:: EXCERPTED RECORDS

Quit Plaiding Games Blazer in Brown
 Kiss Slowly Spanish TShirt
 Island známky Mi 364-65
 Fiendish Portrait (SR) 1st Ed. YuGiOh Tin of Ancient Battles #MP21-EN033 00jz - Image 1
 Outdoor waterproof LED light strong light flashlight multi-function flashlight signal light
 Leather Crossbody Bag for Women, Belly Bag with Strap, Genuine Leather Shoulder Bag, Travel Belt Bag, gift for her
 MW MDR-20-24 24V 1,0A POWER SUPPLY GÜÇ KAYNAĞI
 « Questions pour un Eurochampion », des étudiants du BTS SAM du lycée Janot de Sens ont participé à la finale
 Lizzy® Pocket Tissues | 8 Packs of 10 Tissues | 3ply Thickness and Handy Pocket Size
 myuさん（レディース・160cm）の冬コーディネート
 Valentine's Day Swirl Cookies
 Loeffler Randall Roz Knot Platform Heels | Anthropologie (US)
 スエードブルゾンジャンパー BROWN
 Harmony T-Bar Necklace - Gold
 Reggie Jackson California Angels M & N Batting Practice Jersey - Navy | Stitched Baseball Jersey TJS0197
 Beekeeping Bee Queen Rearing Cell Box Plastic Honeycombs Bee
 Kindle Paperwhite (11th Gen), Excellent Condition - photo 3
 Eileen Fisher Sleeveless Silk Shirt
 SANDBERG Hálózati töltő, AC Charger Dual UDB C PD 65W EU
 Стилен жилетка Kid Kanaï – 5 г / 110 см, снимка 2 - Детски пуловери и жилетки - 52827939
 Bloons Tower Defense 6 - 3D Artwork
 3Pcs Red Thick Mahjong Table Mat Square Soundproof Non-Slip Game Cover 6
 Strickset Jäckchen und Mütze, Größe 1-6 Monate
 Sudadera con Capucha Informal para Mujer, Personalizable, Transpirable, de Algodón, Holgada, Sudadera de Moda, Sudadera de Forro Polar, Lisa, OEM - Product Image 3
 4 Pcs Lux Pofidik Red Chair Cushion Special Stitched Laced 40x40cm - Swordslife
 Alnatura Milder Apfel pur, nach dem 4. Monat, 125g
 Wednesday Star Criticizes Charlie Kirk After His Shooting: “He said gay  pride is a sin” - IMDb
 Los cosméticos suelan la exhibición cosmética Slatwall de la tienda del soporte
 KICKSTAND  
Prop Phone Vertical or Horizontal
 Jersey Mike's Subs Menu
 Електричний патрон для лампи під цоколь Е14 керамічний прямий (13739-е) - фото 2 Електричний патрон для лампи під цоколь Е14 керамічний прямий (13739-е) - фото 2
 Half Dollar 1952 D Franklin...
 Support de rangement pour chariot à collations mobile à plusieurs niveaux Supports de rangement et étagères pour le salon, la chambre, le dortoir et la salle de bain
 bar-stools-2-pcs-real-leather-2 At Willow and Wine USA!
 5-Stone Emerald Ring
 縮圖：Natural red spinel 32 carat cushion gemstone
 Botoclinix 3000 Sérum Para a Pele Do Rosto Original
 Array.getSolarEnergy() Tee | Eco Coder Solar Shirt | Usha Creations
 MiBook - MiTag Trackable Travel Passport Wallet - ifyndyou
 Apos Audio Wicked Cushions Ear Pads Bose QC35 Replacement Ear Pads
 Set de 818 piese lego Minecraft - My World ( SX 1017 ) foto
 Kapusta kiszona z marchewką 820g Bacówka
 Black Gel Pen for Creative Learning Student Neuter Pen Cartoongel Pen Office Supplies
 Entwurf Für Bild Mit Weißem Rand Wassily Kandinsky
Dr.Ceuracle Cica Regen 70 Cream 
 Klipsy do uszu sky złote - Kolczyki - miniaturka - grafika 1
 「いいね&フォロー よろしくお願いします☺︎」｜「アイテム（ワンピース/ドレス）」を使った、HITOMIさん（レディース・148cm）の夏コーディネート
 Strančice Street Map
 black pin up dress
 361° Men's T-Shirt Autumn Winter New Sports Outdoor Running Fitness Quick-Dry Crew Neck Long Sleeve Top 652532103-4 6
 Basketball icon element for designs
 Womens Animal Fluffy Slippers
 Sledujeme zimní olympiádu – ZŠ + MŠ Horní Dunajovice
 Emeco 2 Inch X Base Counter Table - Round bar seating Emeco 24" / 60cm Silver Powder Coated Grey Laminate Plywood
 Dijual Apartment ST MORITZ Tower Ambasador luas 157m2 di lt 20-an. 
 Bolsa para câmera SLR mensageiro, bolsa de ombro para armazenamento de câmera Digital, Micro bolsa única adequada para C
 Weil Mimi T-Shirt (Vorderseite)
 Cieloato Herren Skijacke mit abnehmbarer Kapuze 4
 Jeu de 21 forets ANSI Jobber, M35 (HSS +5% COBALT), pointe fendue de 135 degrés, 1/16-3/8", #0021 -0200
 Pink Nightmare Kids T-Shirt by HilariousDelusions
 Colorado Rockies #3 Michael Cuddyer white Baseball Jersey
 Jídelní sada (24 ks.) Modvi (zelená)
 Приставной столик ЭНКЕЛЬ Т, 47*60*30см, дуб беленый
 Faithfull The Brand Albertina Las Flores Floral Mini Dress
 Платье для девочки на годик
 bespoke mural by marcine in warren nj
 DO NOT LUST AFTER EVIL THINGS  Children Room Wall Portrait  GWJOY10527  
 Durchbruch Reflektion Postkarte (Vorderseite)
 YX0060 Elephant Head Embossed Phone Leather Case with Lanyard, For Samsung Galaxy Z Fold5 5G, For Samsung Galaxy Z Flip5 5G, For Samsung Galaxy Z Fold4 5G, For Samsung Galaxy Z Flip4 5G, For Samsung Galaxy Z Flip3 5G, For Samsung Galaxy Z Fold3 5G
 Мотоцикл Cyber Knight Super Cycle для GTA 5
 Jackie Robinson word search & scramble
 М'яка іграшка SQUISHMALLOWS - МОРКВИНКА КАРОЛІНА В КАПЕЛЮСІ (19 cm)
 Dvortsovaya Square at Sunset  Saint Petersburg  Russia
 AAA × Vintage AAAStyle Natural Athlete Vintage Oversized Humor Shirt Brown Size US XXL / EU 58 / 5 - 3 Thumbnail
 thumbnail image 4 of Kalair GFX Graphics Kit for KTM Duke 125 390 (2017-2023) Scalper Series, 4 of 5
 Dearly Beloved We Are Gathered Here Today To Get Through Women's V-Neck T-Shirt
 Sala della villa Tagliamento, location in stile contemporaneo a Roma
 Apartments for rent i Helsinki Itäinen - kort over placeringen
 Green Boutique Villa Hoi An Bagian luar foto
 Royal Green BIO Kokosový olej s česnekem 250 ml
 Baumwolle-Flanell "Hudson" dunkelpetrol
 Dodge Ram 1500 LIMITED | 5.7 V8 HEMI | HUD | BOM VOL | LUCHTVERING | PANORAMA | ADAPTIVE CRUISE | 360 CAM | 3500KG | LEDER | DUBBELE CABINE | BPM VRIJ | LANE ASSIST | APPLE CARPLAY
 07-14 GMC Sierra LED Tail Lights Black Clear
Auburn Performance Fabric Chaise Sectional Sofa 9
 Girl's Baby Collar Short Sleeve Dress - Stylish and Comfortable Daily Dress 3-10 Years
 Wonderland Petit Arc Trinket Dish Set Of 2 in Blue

::::

## [EXERCISE REQUIREMENTS]
The job here is to find each line above with the word "foto" and copy it.

## [WRITTEN SOLUTION]
 Set de 818 piese lego Minecraft - My World ( SX 1017 ) foto
 Green Boutique Villa Hoi An Bagian luar foto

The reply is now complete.